Die Schuld daran, dass der angekündigte Siegeszug der UMTS-Technik bislang überall ausblieb, geben sich Netzbetreiber und Mobilfunkunternehmen gegenseitig: Wozu ein teures Funknetz aufbauen, wenn es keine neuen Mobiltelefone am Markt gibt, die darin benutzt werden können, fragen die einen. Wozu UMTS-Handys anbieten, wenn die Kunden es ohne Netz nicht benutzen können, wollen die anderen wissen. "Da beisst sich die Katze in den Schwanz", sagt Lehmann von der SEB.
Keine Prognose wagen
Dabei sind die Zahlen beim weltweiten Handy-Verkauf nicht so schlecht. 2003 rechnet die Branche damit, bis zu 450 Millionen Mobiltelefone weltweit zu verkaufen – ein Plus von zehn Prozent nach 6,5 Prozent im Vorjahr. Weitere Wachstumschancen sind noch vorhanden: In China, einem der viel versprechendsten Märkte überhaupt, können nur 20 Prozent der Bevölkerung bislang ein Handy ihr Eigen nennen. Doch insgesamt halten sich viele Nutzer mit dem Kauf eines neuen Gerätes noch zurück. "Die sind technisch oft noch nicht optimal und zu teuer", sagt Technologieexperte Lehmann. Viele Mobiltelefonierer warten lieber, bis die neue Technik UMTS sich am Markt durchgesetzt hat und der Preis für die Geräte sinkt.
"Der Durchbruch kommt erst, wenn die UMTS-Netze umfassend funktionieren", zeigt sich der SEB-Aktienanalyst sicher.

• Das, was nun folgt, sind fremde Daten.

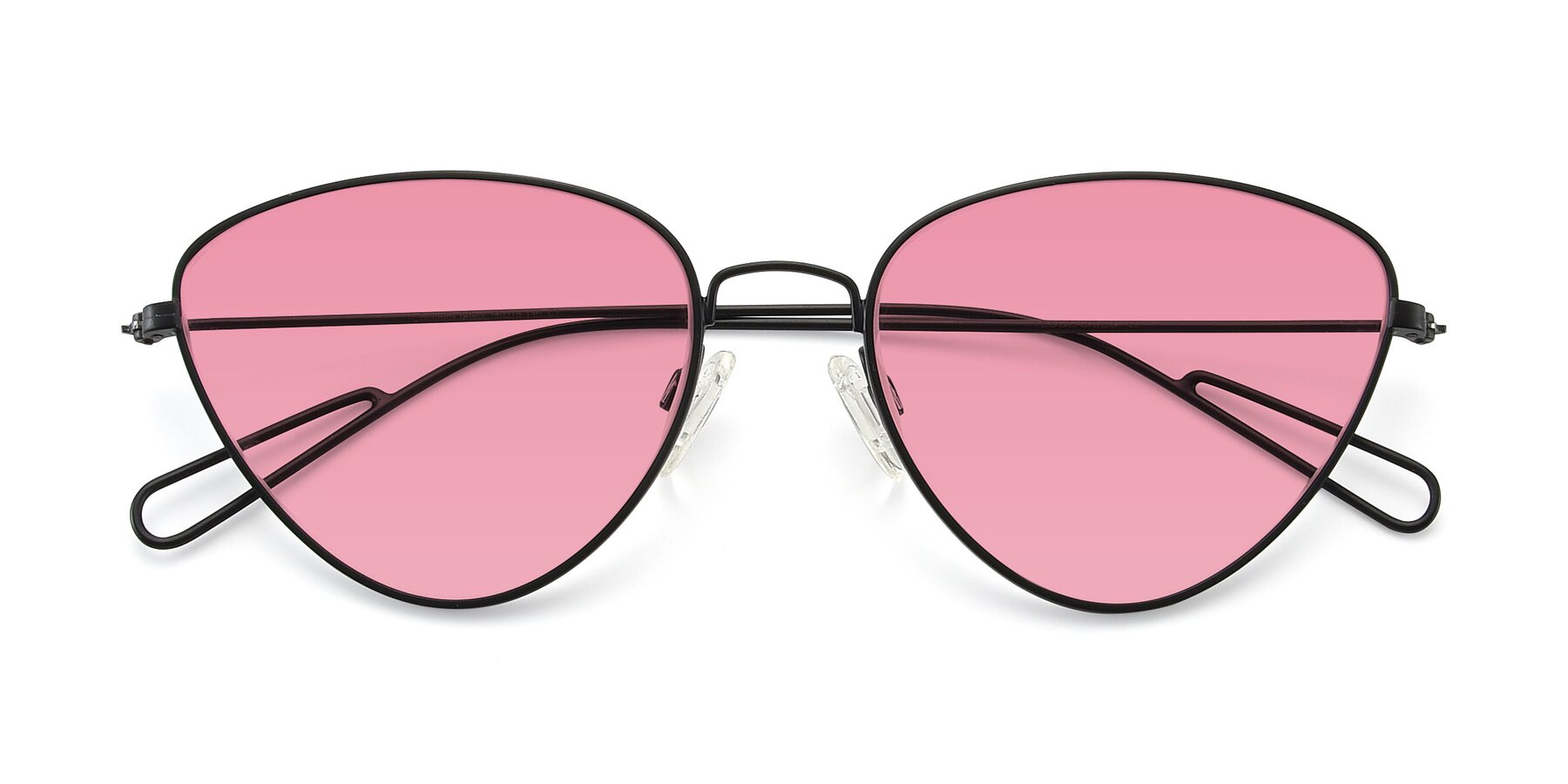 Folded Front of Butterfly Effect in Black with Pink Tinted Lenses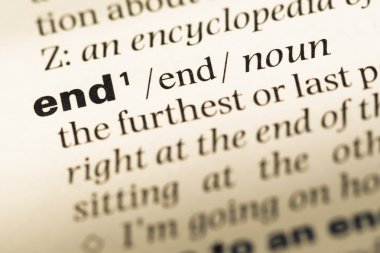 Eski İngilizce sözlük sayfası word son ile yakın çekim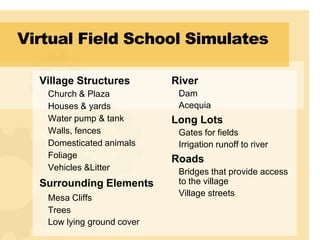 Virtual Field School Simulates

  Village Structures        River
   Church & Plaza            Dam
   Houses & yards            Acequia
   Water pump & tank        Long Lots
   Walls, fences             Gates for fields
   Domesticated animals      Irrigation runoff to river
   Foliage                  Roads
   Vehicles &Litter          Bridges that provide access
  Surrounding Elements       to the village
                             Village streets
   Mesa Cliffs
   Trees
   Low lying ground cover
 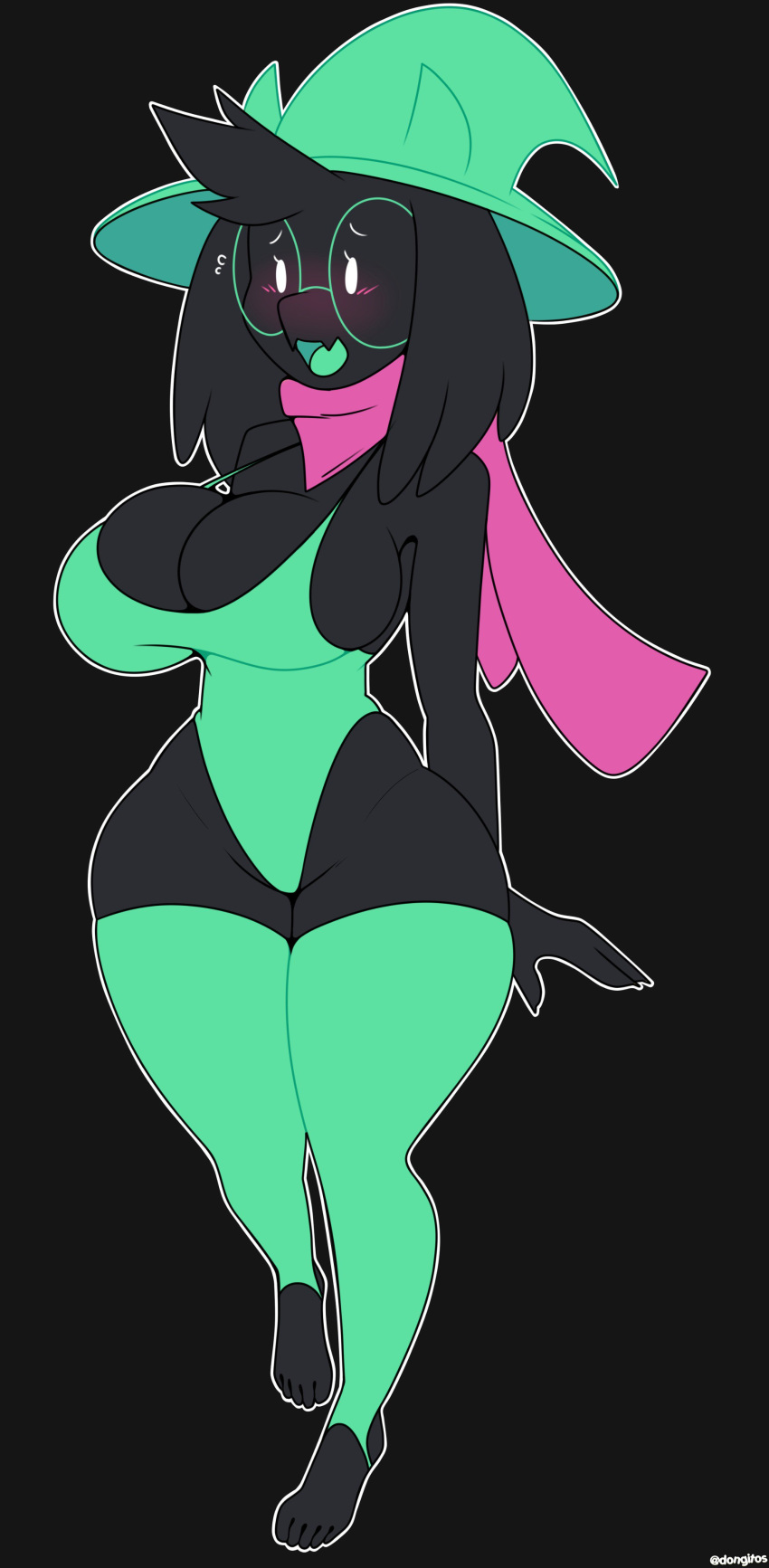 2019 anthro big_breasts black_background black_fur blush bovid breasts caprine cleavage clothed clothing crossgender deltarune dongitos eyewear female fur glasses goat hat horn legwear leotard long_ear mammal open_mouth ralsei scarf simple_background swimsuit thick_thighs thigh_highs video_games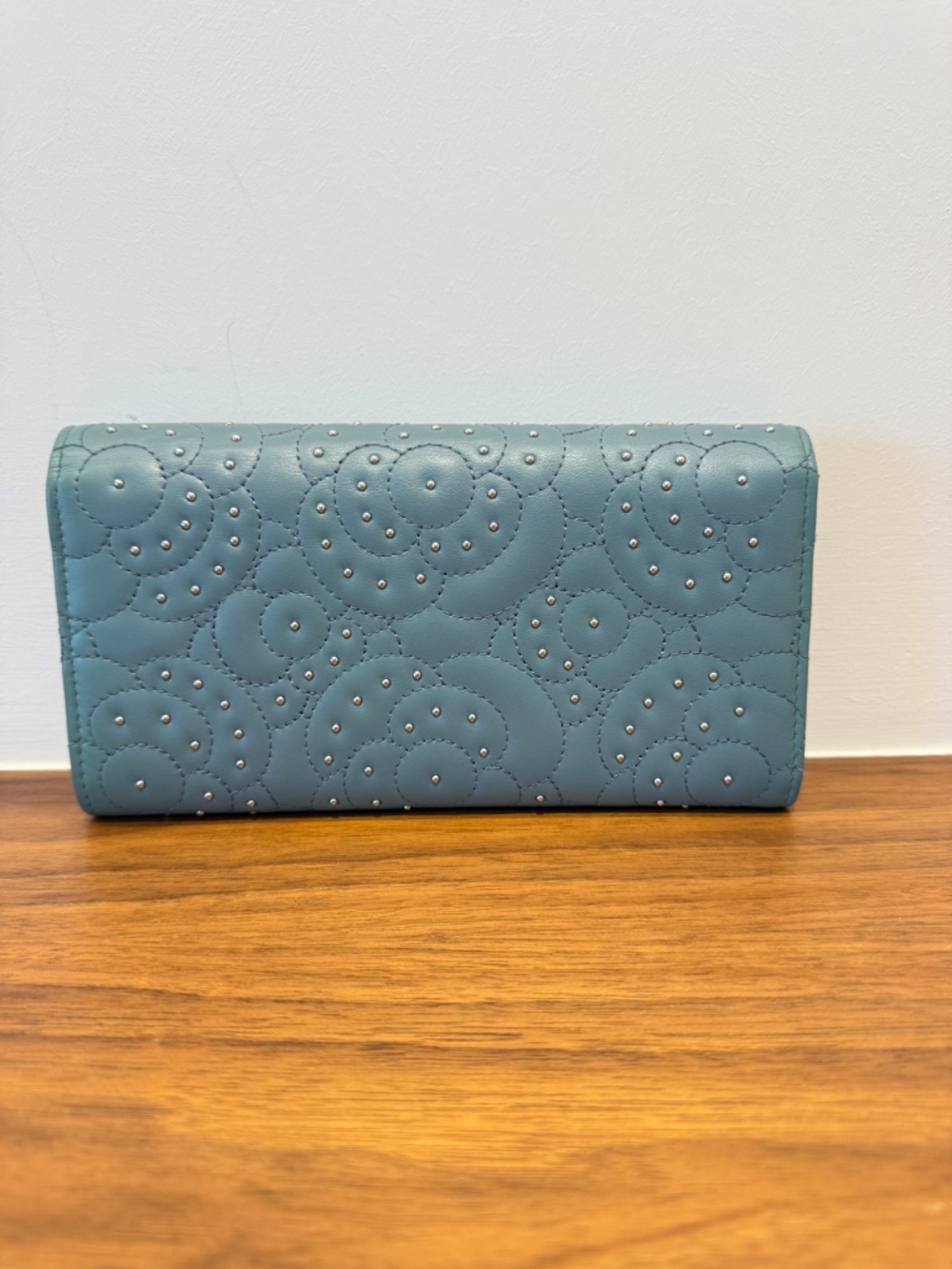Chanel Lambskin Camellia Embossed Long Double Wallet with Studs in Blue - Picture 6 of 7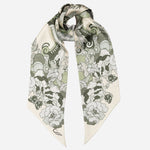 Sage Green Floral Italian Skinny Silk Scarf
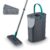 Tower Flat Mop and Bucket Set with 2 Washable Microfibre Mop Heads, Dual-Chambers, Clean & Dirty Water Separation, Removable Water Tank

Dass sich die neue Technik durchsetzt, wird von Branchenkennern kaum bezweifelt. Wann das passieren soll, wagt aber kaum einer vorauszusagen. Obwohl Netzanbieter wie Vodafone den Betrieb in Deutschland und sieben weiteren europäischen Ländern mal wieder angekündigt haben – diesmal für Herbst 2003. Doch die Mobilfunkbranche ist mit Voraussagen vorsichtig geworden. Die Vorläufertechnik von UMTS, das WAP-Mobiltelefon (Wireless Application Protocol), ist nach ausführlichen Ankündigungen niemals wirklich auf den Markt gekommen. "Das ging völlig in die Hose", erinnert sich Lehmann.